For the records below, please print exactly and only the lines from the one with "Fendi Baguette Leather Monogram Pink GHW" down to the one with "カルバンクライン レディース トップス", both ends included, omitting the pictures.

▶ [Record extracts]
+++

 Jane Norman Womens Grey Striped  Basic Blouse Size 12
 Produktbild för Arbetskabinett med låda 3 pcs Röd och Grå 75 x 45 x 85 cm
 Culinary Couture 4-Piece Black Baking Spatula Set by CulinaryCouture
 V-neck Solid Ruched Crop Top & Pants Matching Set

+++

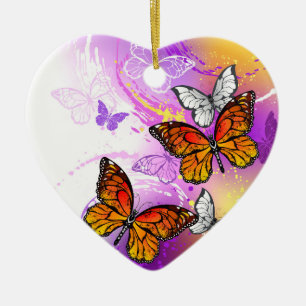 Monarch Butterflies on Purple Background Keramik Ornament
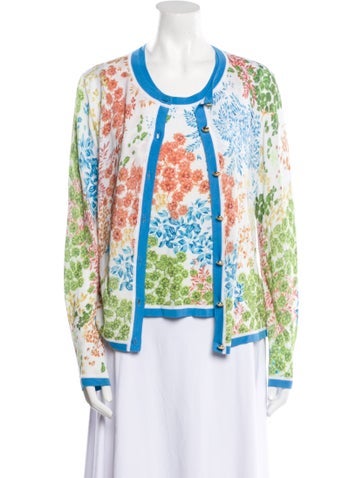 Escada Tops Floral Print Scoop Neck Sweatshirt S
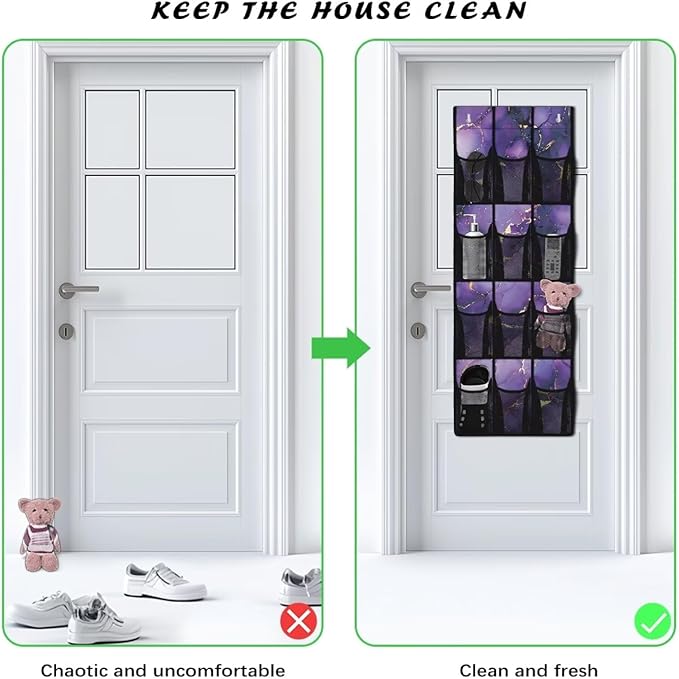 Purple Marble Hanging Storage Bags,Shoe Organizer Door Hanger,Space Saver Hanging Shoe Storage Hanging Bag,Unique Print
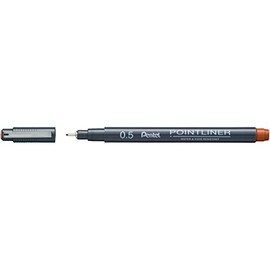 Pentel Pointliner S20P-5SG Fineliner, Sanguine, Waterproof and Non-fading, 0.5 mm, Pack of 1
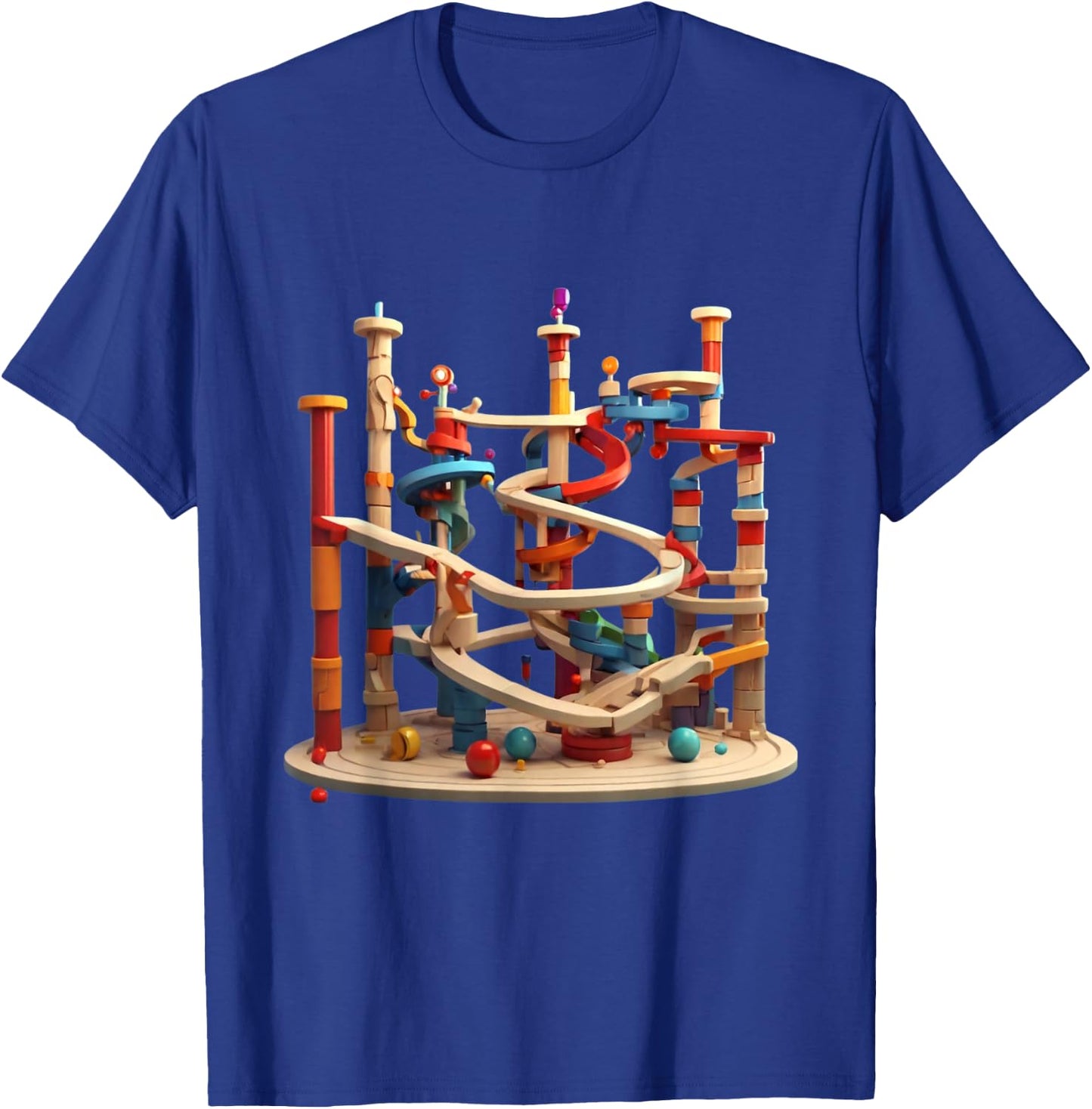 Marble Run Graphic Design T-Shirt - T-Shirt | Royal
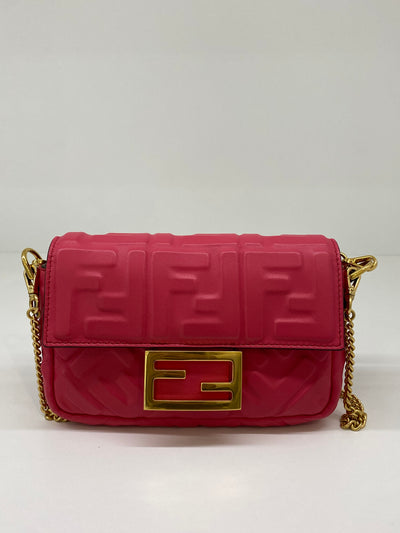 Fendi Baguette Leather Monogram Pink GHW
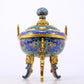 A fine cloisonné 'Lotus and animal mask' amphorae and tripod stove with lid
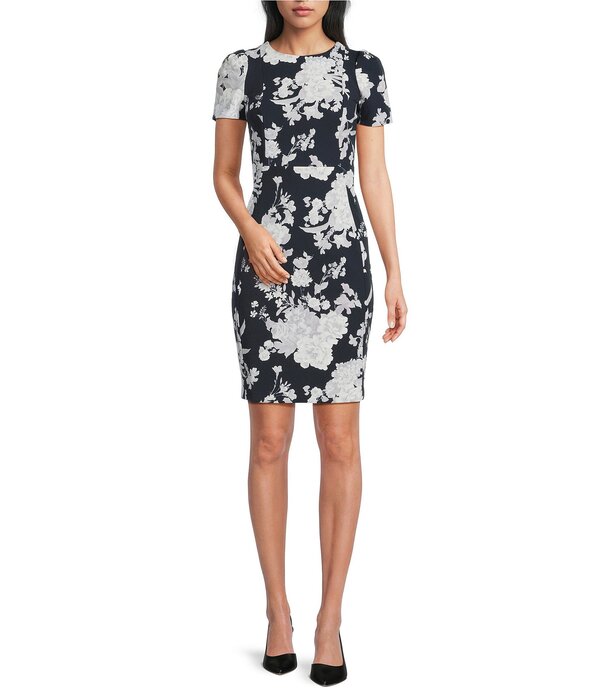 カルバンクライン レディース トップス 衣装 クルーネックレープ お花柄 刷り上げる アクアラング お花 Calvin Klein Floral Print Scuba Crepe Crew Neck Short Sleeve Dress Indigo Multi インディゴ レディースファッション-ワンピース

+++

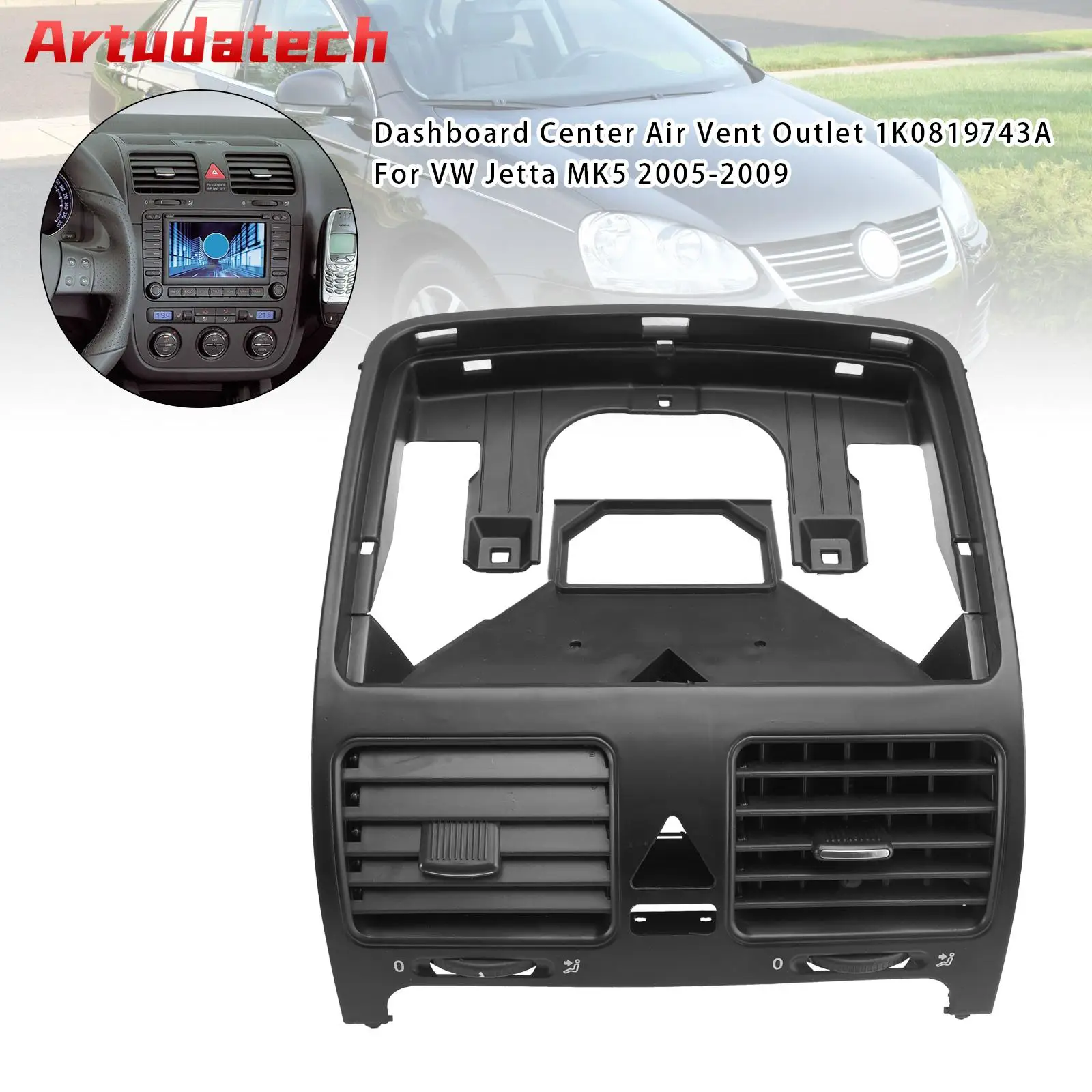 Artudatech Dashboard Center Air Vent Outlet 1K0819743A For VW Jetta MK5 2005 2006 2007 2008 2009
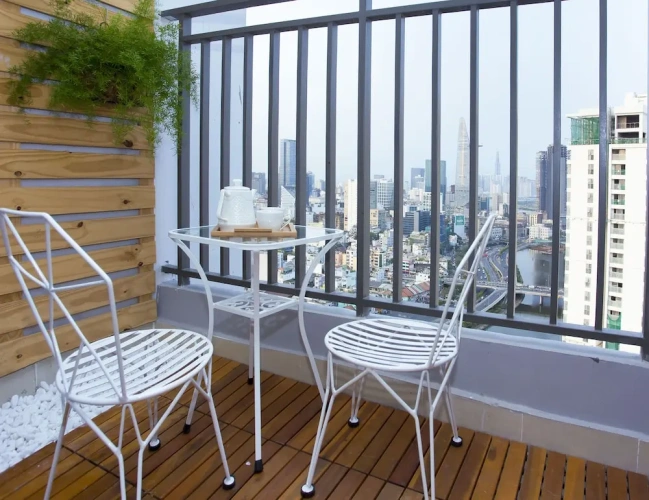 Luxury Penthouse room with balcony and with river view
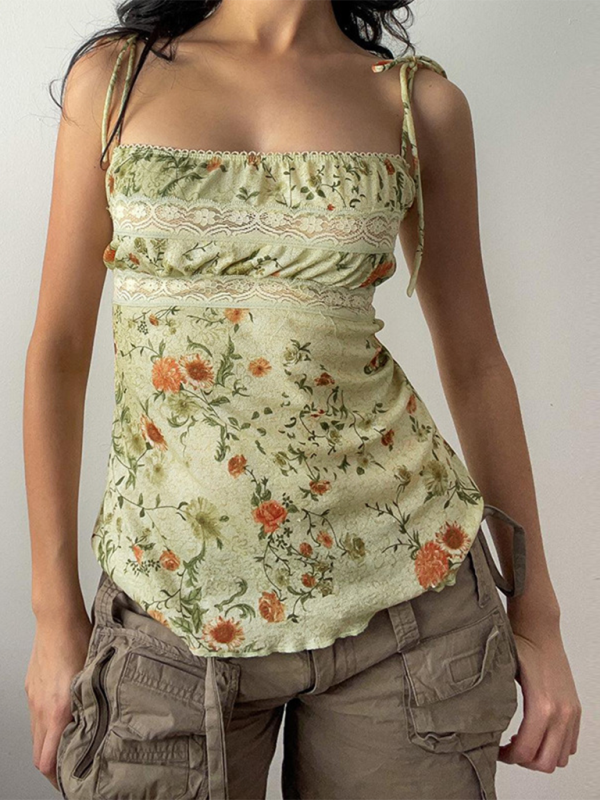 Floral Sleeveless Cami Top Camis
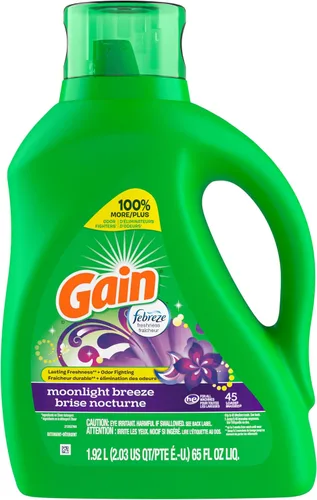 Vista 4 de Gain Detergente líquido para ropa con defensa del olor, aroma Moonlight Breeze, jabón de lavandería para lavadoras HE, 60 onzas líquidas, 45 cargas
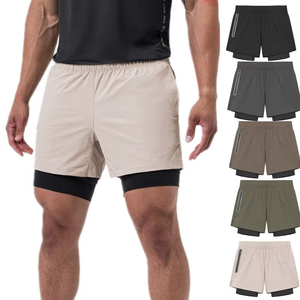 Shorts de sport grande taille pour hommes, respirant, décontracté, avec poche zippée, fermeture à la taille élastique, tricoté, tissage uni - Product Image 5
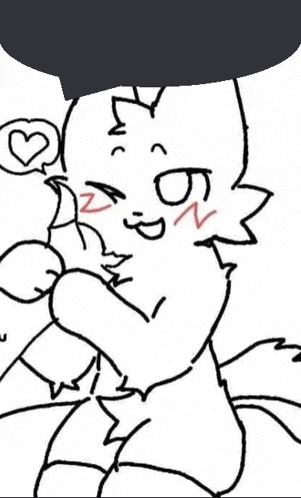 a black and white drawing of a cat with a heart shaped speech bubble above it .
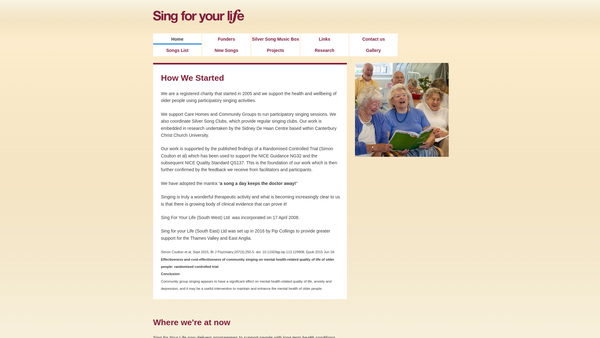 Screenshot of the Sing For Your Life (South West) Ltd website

+++

▶ [Output for this task]
 Fendi Baguette Leather Monogram Pink GHW
 A fine cloisonné 'Lotus and animal mask' amphorae and tripod stove with lid
 カルバンクライン レディース トップス 衣装 クルーネックレープ お花柄 刷り上げる アクアラング お花 Calvin Klein Floral Print Scuba Crepe Crew Neck Short Sleeve Dress Indigo Multi インディゴ レディースファッション-ワンピース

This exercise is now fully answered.